Entries supplied section start

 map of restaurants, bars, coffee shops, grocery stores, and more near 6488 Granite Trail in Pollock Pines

Entries supplied section end
Entries supplied section start

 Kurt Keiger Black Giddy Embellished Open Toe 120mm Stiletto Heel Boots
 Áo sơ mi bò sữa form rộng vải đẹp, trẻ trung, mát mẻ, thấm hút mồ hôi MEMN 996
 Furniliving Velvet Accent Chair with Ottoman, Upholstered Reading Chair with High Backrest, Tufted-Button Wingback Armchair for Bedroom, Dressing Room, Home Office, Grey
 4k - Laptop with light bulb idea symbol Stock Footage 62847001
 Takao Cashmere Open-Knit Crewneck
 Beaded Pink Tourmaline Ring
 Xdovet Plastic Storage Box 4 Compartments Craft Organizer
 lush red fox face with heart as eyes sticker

Entries supplied section end

Task to complete
The answer must be every line of the data that contains the word "with".

Answer space
 Furniliving Velvet Accent Chair with Ottoman, Upholstered Reading Chair with High Backrest, Tufted-Button Wingback Armchair for Bedroom, Dressing Room, Home Office, Grey
 4k - Laptop with light bulb idea symbol Stock Footage 62847001
 lush red fox face with heart as eyes sticker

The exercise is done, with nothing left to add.